(Exercise objective): "CPP_SoccerGirlV-9088" appears in one line of the records below. Output that line and each one after it, exactly, through the last line.

------ Data section

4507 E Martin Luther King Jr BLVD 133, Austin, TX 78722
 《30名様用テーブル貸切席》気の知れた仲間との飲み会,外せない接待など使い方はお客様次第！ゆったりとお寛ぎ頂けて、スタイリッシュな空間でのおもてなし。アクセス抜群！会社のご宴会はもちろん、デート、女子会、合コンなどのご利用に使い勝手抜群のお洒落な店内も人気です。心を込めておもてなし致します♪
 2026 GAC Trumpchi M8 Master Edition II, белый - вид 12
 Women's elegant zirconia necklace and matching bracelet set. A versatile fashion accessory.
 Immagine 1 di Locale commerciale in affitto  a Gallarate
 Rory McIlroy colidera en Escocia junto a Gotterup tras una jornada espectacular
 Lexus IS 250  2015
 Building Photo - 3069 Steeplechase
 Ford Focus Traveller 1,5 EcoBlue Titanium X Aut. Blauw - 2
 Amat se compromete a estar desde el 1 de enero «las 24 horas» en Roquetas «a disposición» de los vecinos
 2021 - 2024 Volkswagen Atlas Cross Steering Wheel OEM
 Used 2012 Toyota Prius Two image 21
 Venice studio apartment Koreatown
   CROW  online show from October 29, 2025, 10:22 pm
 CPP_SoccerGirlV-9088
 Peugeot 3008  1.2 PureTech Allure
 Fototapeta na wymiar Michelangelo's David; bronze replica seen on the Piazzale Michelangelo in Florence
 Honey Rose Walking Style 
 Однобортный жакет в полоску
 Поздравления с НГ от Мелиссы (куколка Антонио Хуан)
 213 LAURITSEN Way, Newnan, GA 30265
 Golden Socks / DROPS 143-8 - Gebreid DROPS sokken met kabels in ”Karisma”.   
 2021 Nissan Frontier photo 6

------------

(Completed task):
 CPP_SoccerGirlV-9088
 Peugeot 3008  1.2 PureTech Allure
 Fototapeta na wymiar Michelangelo's David; bronze replica seen on the Piazzale Michelangelo in Florence
 Honey Rose Walking Style 
 Однобортный жакет в полоску
 Поздравления с НГ от Мелиссы (куколка Антонио Хуан)
 213 LAURITSEN Way, Newnan, GA 30265
 Golden Socks / DROPS 143-8 - Gebreid DROPS sokken met kabels in ”Karisma”.   
 2021 Nissan Frontier photo 6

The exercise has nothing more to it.